All in all, with well over a hundred people in attendance, many new connections were made and there was much excitement about the work Historic England and the HAZ project have completed to date. The Friends of Hemingfield Colliery were pleased to play their part and look forward to seeing the fruits of the HAZ work and reports as well as continuing to support it and hopefully achieve success for the area.
Working parties and washouts
Unfortunately, due to the poor weather conditions, we had to cancel the first working party in February. However on the 24th February we were blessed with great weather and blue skies.

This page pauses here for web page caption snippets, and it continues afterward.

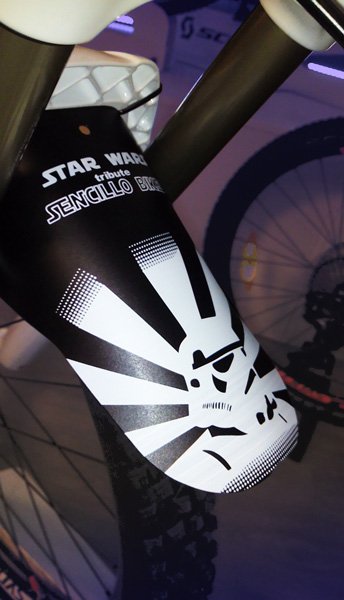 SencilloBikes's tweet photo. #mtb #mudguards #noteatmud #sencillobikes #limitededition #starwars https://t.co/O42pKwgAVP @StarWarsJunk https://t.co/H1SWjrm4GW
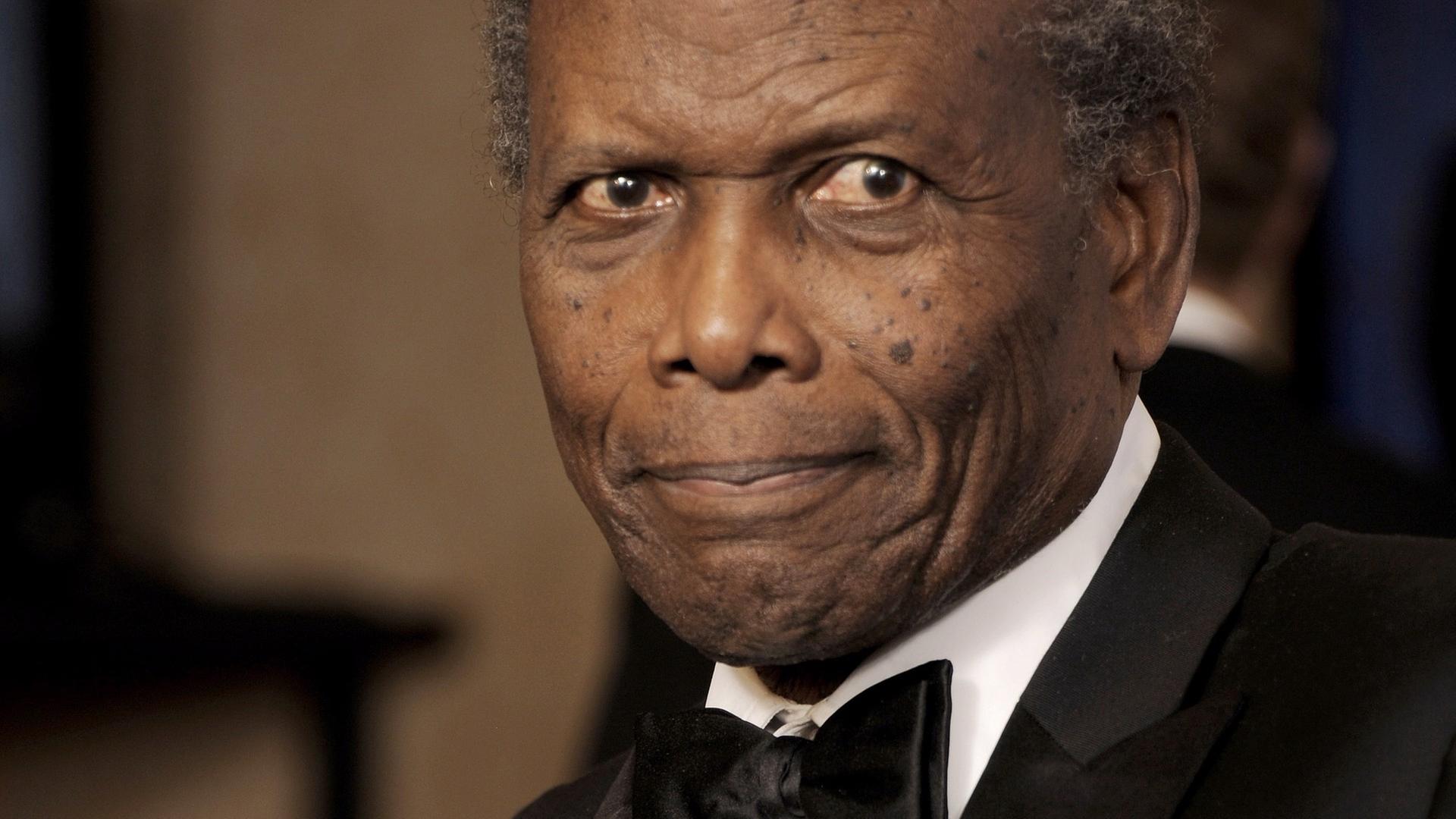 Sidney Poitier bei den Golden Globes 2012. Er trägt Frack, schwarze Fliege und ein weißes Hemd. 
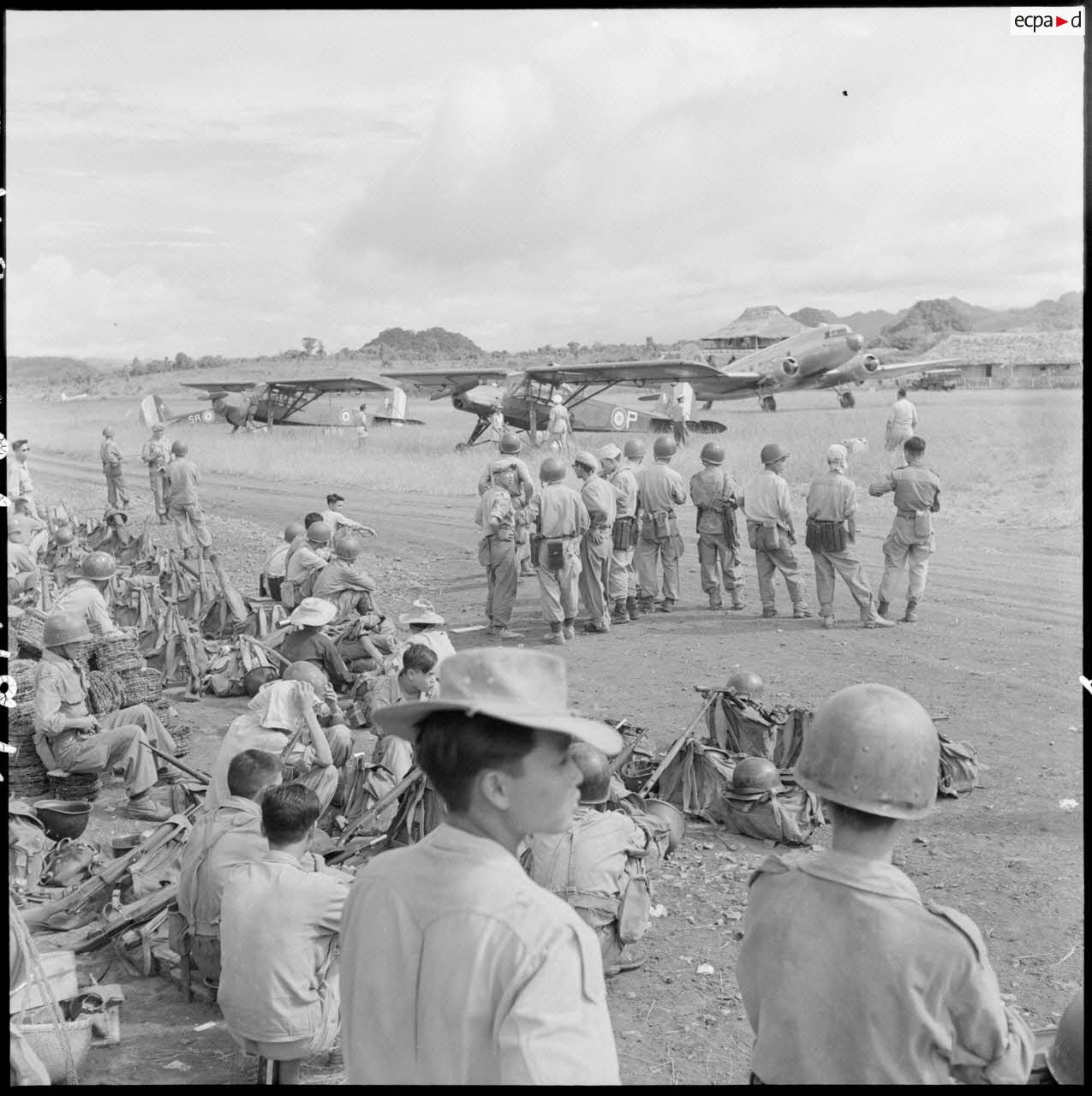 Arriv&eacute;e des renforts &agrave; Na San.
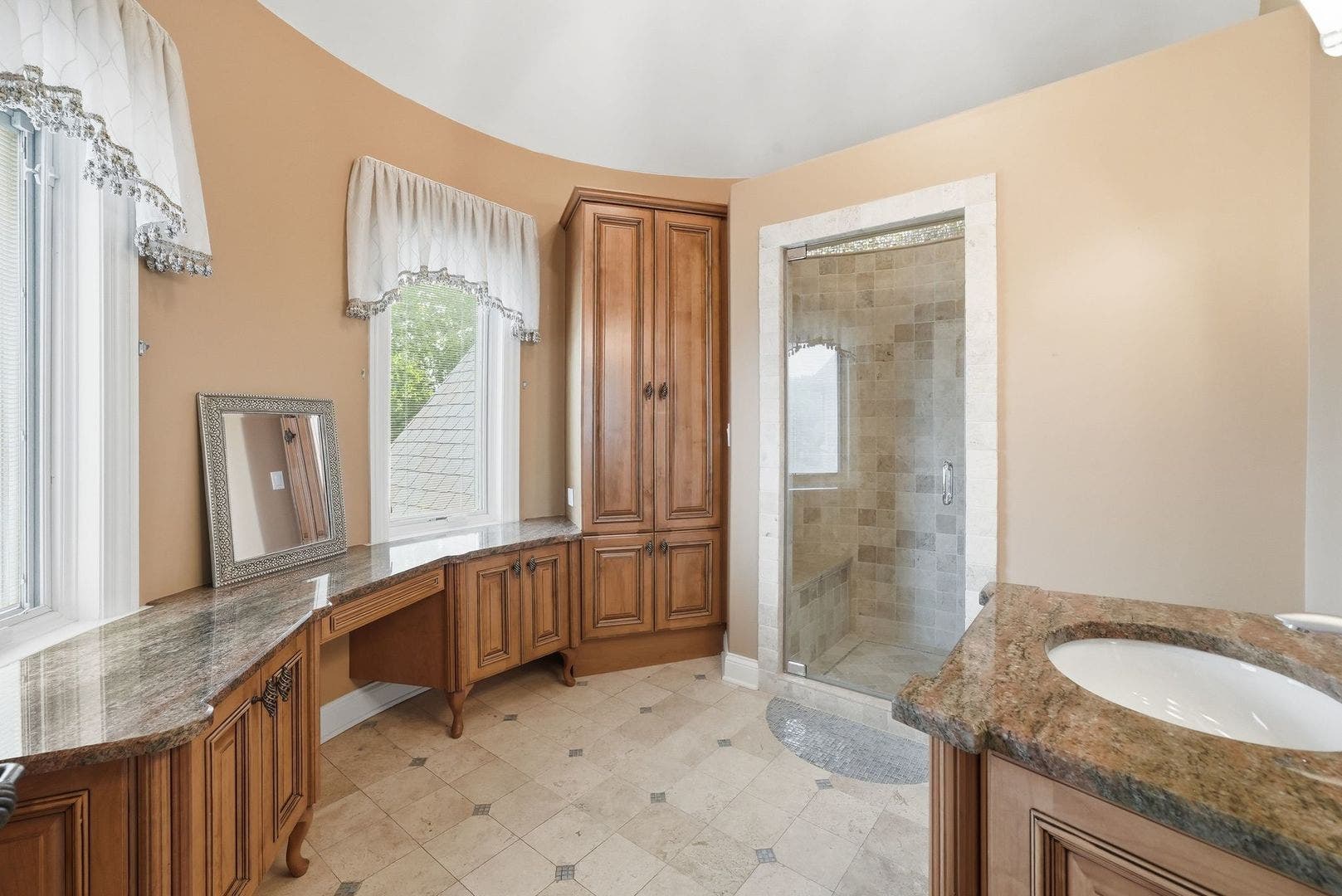 105 Forest Edge Drive, Palos Park, IL 60464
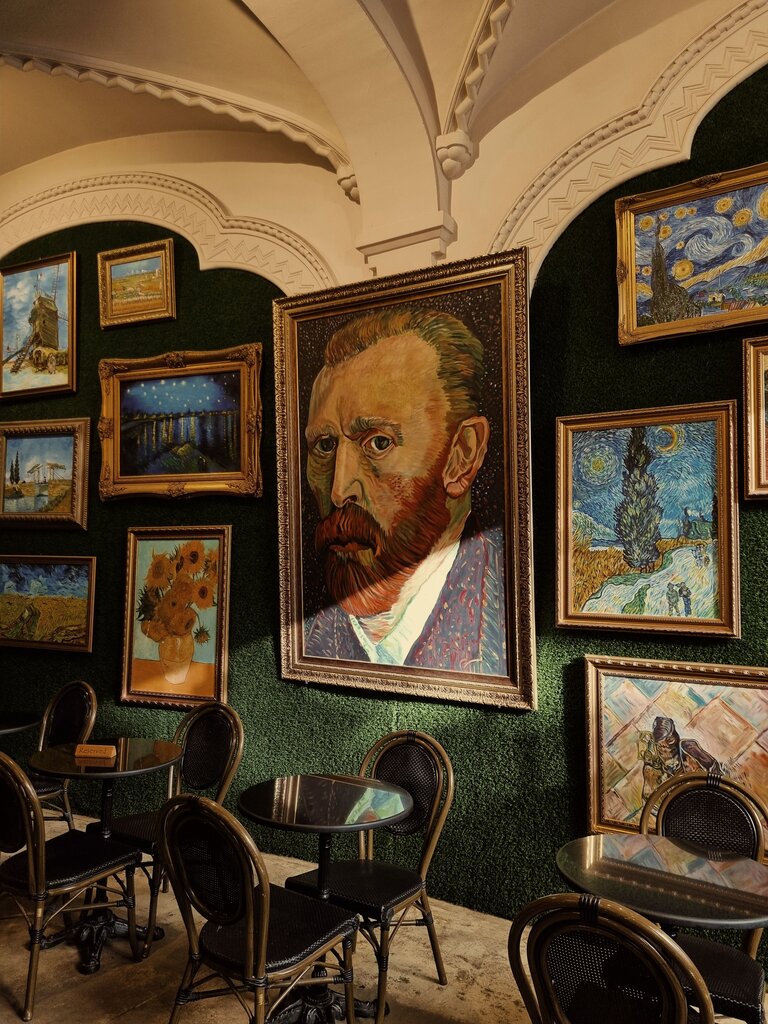 Pablo Picasso, Salvador Dalí, Vicent van Gogh.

Site Manager Glen welcomed regular volunteers Paul, John, Nigel, Alan and Chris to the site. Two main projects were to be completed today. Firstly the dig must go on – the developing excavation behind the winding engine house, where the Friends have removed tonnes of spoil apparently dumped into a void emerging in the ground.
The digging, spoil barrow runs and ruble and stone separation workstreams continued once more as we hoped to find some clearer indication of what was going on in this part of the site.
Nigel and Alan uncovered a large timber with metal pins though it. The timber was decayed, so the two used trowels to ease the process.
The other target for the day was to secure the front wall. Unfortunately some recent vandalism had damaged the front wall, so some fencing and security measures were necessary to protect the integrity of the site. Swift work by the Friends has achieved this.
After a dedicated day’s labour, the Friends had removed a lot of spoil from the pit, and the features emerging were measured and recorded.
The star feature which has been revealed in this work is the full sequence of three high stone steps, brick risers with stone steps, nicely shaped, and showing profile of regular wear. These step emerging from the muck being excavated adds some human scale to this work, as well as raising intriguing questions as to the ultimate purpose of this flight of steps.
What the friends are left with after the digging is still a mystery. We are consulting old photographs in our collections to see if we can interpret the features more clearly.
Closing the gates on the February working party, we bid our readers a brief goodbye – there’s lots more to come from Hemingfield!